En matière de sensibilisation des enfants et des ados aux enjeux de leurs usages de l’outil technologique pour eux-mêmes, pour leurs rapports aux autres, pour l’environnement, etc., il doit aussi exister des initiatives, des médias comme le tien, par exemple, Sophie, mais aussi des associations de parents d’élèves, peut-être, ou même tout simplement l’Éducation nationale. Où en est-on, concrètement, dans ce panorama des initiatives qui existent à date ?

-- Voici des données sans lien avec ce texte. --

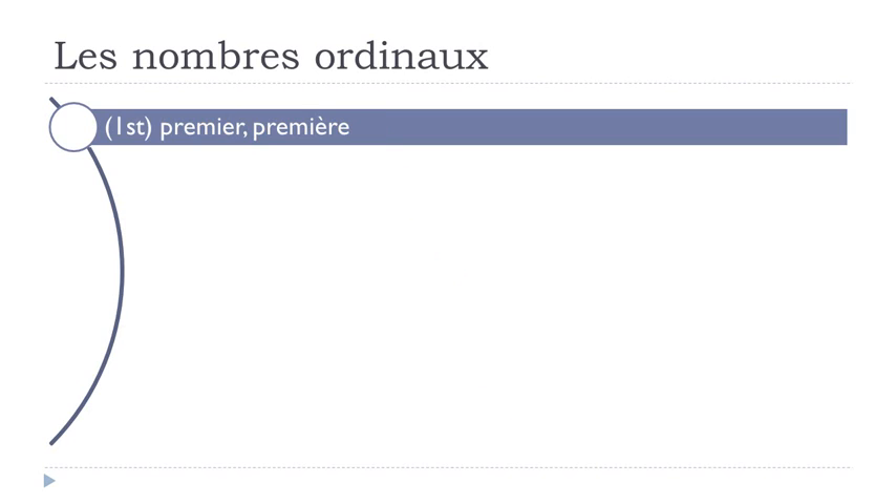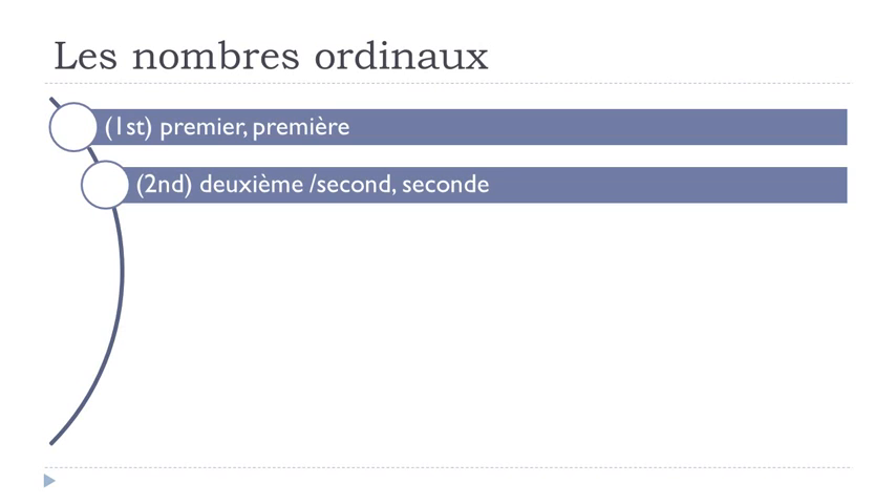Premier, première. Deuxième. Then we also have second, seconde. Deuxième doesn't change between masculine and feminine — that's good news. The difference is that deuxième usually means something comes after it — third, fourth, etc. — whereas second or seconde implies it's the last one, nothing comes after.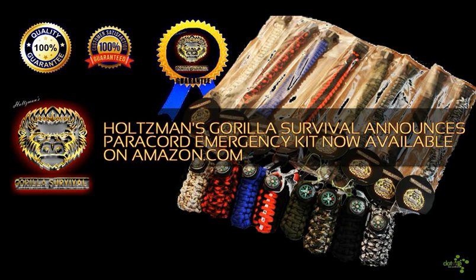Holtzman's Gorilla Survival products are designed by outdoor survivalist professionals in order to meet the discerning needs of wilderness enthusiasts at an everyday value price. Through Amazon.com, Holtzman's Gorilla Survival also offers an additional satisfaction guarantee with their product, in addition to the one the company already offered on its own.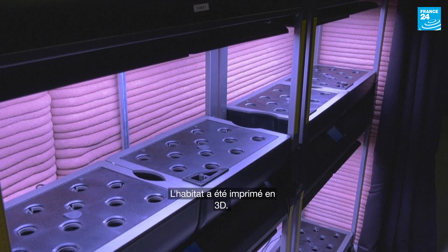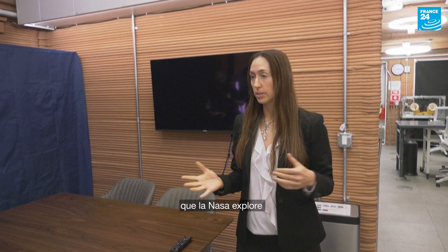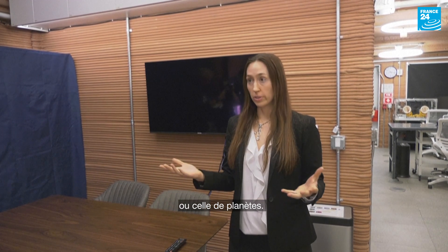The habitat was 3D printed. That is one of the technologies that NASA is looking at as a potential to build habitats on other planetary or lunar surfaces.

Sophie Comte : Il y a des choses qui existent, je trouve qu’elles sont peut-être encore timides, qu’elles ne sont pas suffisantes au regard de cette grande transformation numérique qui concerne les ados. Mais oui, des choses existent déjà, heureusement. Il y a un public qui est particulièrement actif, ce sont les professeurs documentalistes dans les collèges et lycées qui font un gros travail parce que c’est leur métier, justement, d’aller chercher des ressources pédagogiques, de faire de la veille et d’aller trouver les bonnes ressources. Ils sont très intéressés par ces sujets-là du numérique et ce sont presque eux, en fait, qui sont venus à nous pour nous dire « on manque de ressources pédagogiques sur le numérique pour les ados ».
Cyrille Chaudoit : Ça veut dire que l’idée de Chut ! Explore vient en partie de cet insight-là ?

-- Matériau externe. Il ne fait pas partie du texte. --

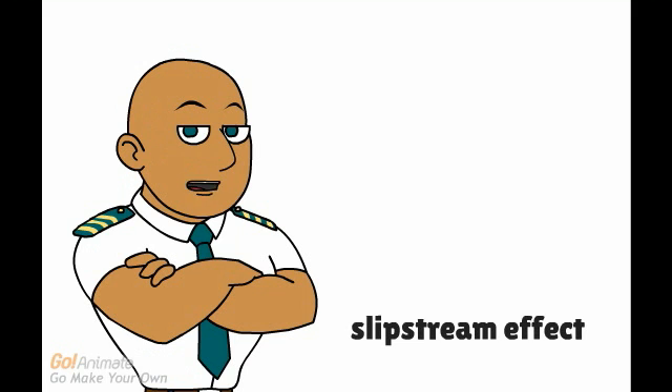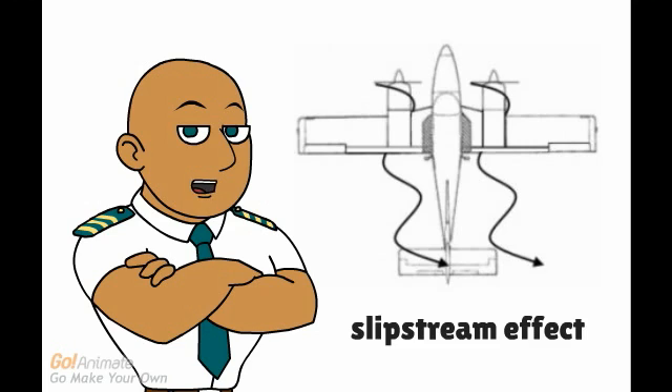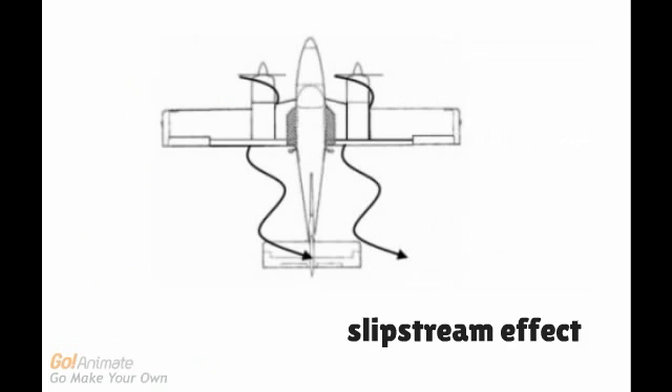The second reason why the left engine is the critical engine for propellers rotating clockwise is the slipstream effect. Only the left engine will produce a sideways slipstream force on the fin. This helps counteract the yaw produced by losing the right engine. However, in a left engine failure, the slipstream spirals away from the tail, making the left engine critical.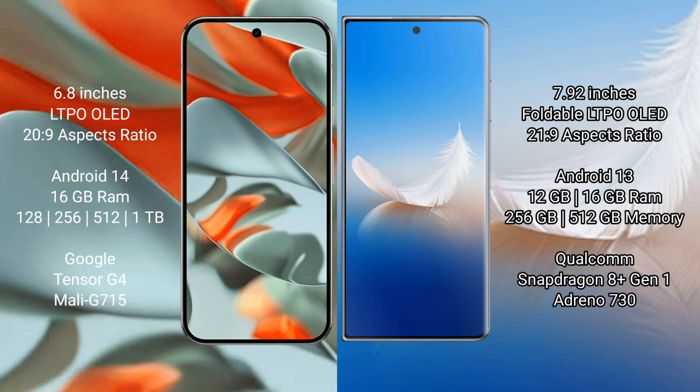Google Pixel 9 Pro XL features a 6.8-inch LTPO LED display with a Snapdragon 20 to 9 pass. Honor Magic VS2 features a 7.92-inch foldable LTPO LED display with a Snapdragon 21 to 9 pass.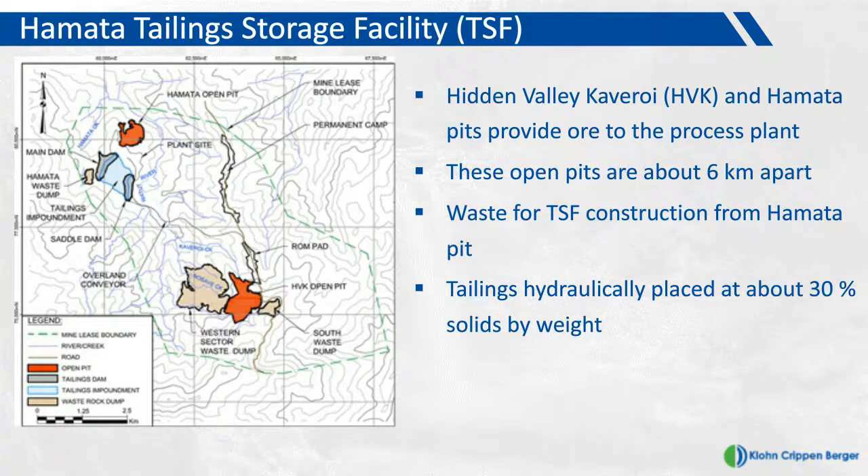The Hamata Tailings Storage Facility is a project that KCB have been involved in for the last decade. The two orange landforms indicated in this slide are the open pits at the Hidden Valley Mine. The one in the southeastern corner is the Hidden Valley Cavarroy Pit, the ore body of the mine, and the one in the northwestern corner is the Hamata Pit, the source area for waste used for tailings dam construction. These two pits are about six kilometers apart. The Hidden Valley Cavarroy Pit is at an elevation of about 2,700 meters above sea level, whilst the Hamata Tailings Storage Facility is located immediately south of the Hamata Pit.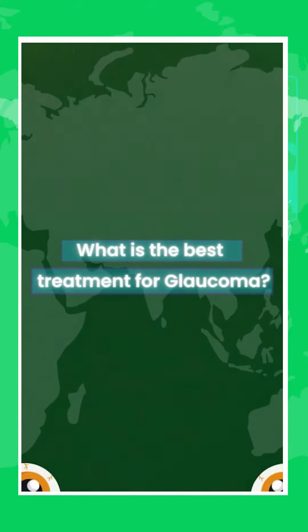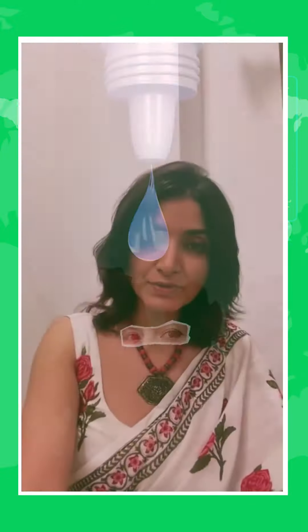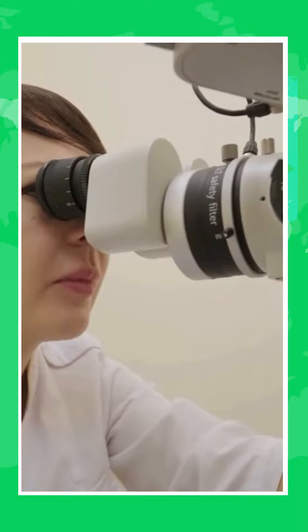What is the best treatment for glaucoma? Usually glaucoma treatment is initiated with the use of eye drops. The best eye drops for a certain patient depends on what your glaucoma specialist chooses for you, depending on the amount of intraocular pressure, the stage of the disease, and your systemic history of any other diseases.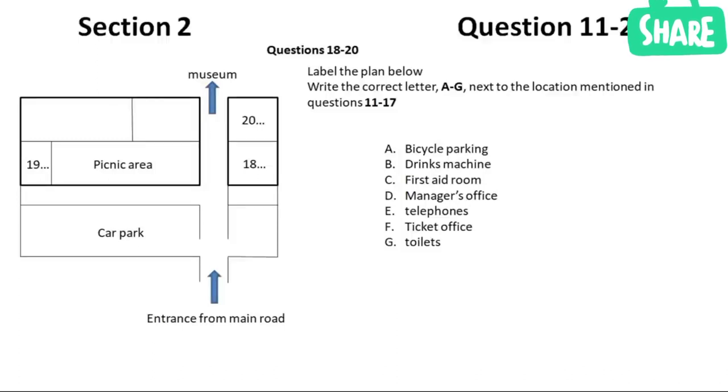For anyone who doesn't have a mobile phone, there are pay phones at the far end of the picnic area. Over at the opposite end of the picnic area, across the path, are the toilets. Next to them, and just to the right of the entrance to the main museum, is the first aid room — which we hope you won't need, but it's there in case you do. If you have any queries, please go to the manager's office, which is behind the picnic area. And last but not least, you'll need to buy your tickets or show your group pass to the ticket office on the left of the museum entrance.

Sophie Comte : Tout à fait. On y avait pensé aussi, mais on a eu ce retour des profs docs. Pas mal de lycées, maintenant, sont abonnés à Chut ! Magazine. Des lycées qui font aussi collège nous ont demandé le même support pour le collège parce qu’ils l’ont trouvé vraiment trop pointu pour des collégiens, et c’est clair qu’il l’est. Ils nous ont dit « si vous faites quelque chose pour les collégiens, ça nous intéresse. »
C’est vrai qu’il y a quelques ressources, il n’y a pas de médias. Bon, on ne va pas se mentir, il n’y a pas beaucoup de médias pour les ados, tout simplement, on a tendance à dire que les ados ne lisent pas beaucoup et, en même temps, on ne leur propose pas grand-chose non plus.

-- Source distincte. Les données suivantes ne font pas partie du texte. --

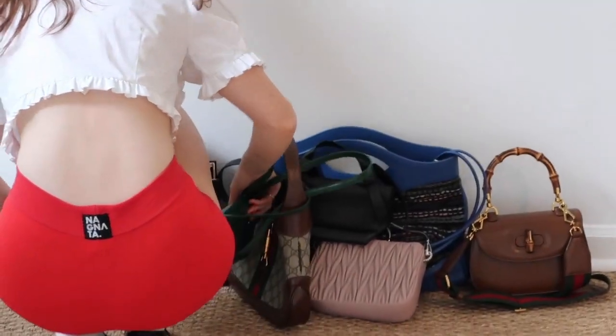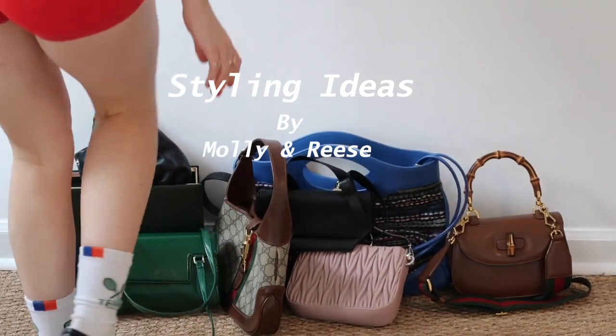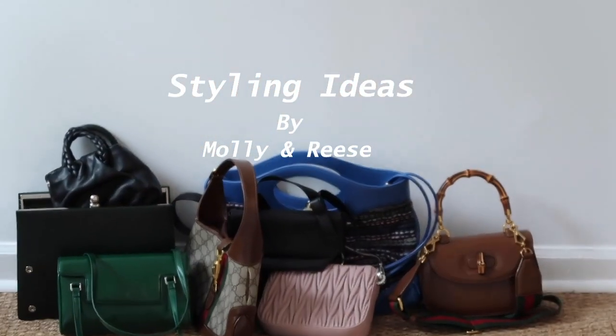Welcome back to our channel. Rhys and I decided to do a little styling video. We each styled four looks and I hope you enjoy it.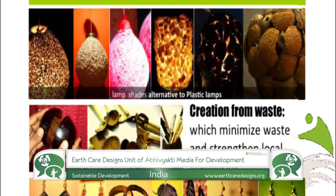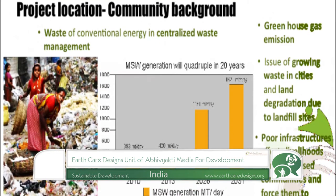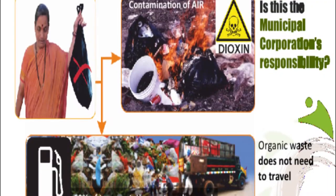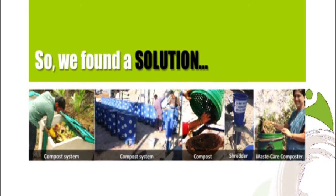EarthCare Design provides socio-cultural and technologically innovative space that designs products and systems that empower communities and protect the environment. These designs conserve energy resources and ensure healthy livelihoods for individuals.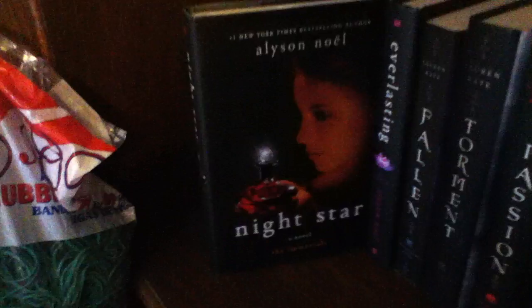I cannot wait for The Golden Lily — I don't know when that comes out. Moving down to my second shelf, we have the Immortal series, and I think it's by Alyson Noel — if anyone can correct me, tell me if it's Noel or Null because I can never remember. In this series you have Evermore, Blue Moon, Shadowland, Dark Flame, Night Star, and Everlasting.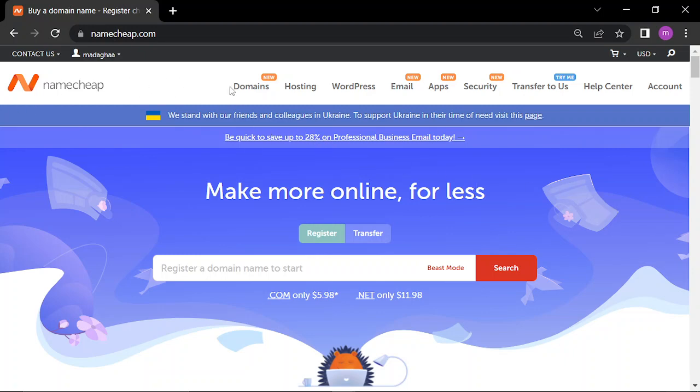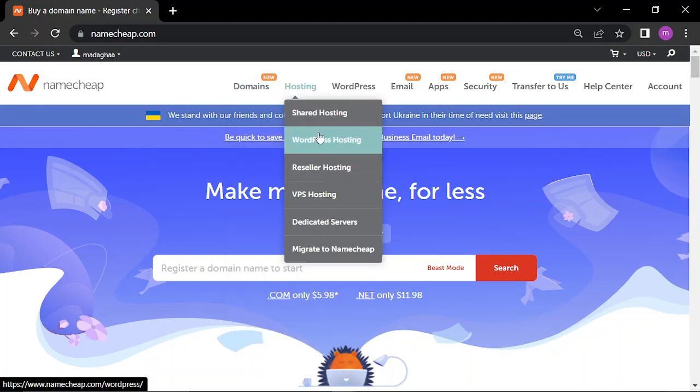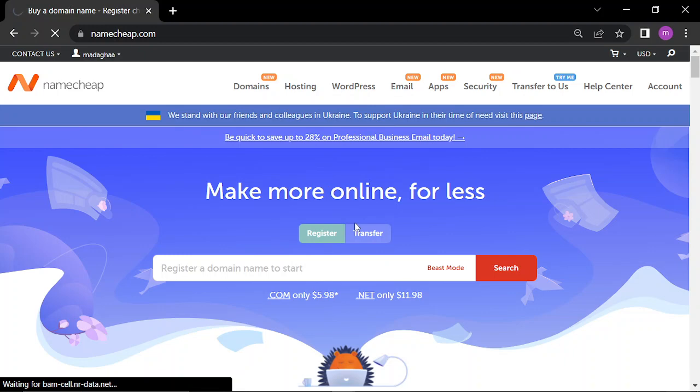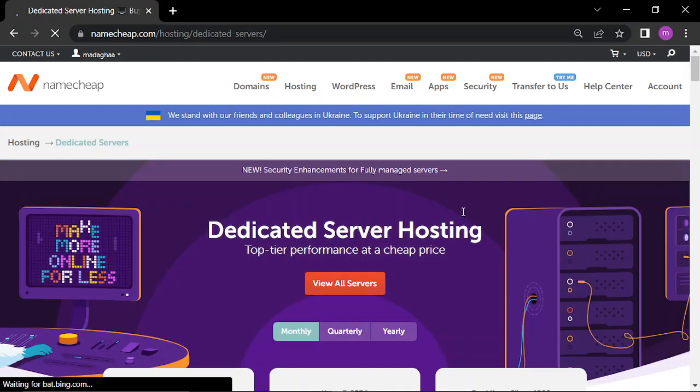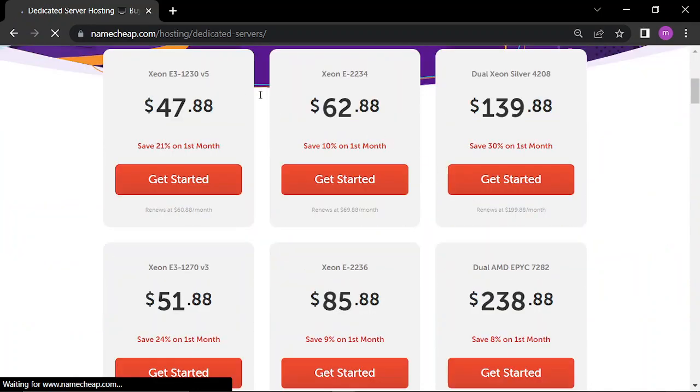So after heading to the website and connecting your account, you can see here hosting dedicated servers. Those are the servers and their prices.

Thibaut le Masne : Il n’y a pas vraiment d’offre. C’est le serpent qui se mord la queue !
Sophie Comte : Voilà ! D’où ça vient ?, je ne sais pas, en tout cas, il faut tenter des propositions éditoriales. Des choses sont faites, différentes ressources existent. Tu parlais de l’Éducation nationale, il y a le CLEMI qui forme, justement, ces professeurs documentalistes et qui s’est beaucoup intéressé, maintenant, à la question de l’éducation aux médias.
Cyrille Chaudoit : On peut juste redire ce qu’est le CLEMI ?
Sophie Comte : C’est le centre de formation. Je n’ai plus en tête l’acronyme.
Cyrille Chaudoit : Centre pour l’éducation aux médias et à l’information
Mick Levy : Le mec a tout préparé ! Même les acronymes de ouf !
Cyrille Chaudoit : Il est là pour porter effectivement cette volonté gouvernementale et ministérielle de pousser l’éducation aux médias et à l’information au sein de l’école. Par contre, je crois que ça touche plutôt les cycles 2 et 3, c’est ça ? Plutôt l’école élémentaire ? J’ai bien compris, ou pas ? Est-ce que tu peux nous éclairer ?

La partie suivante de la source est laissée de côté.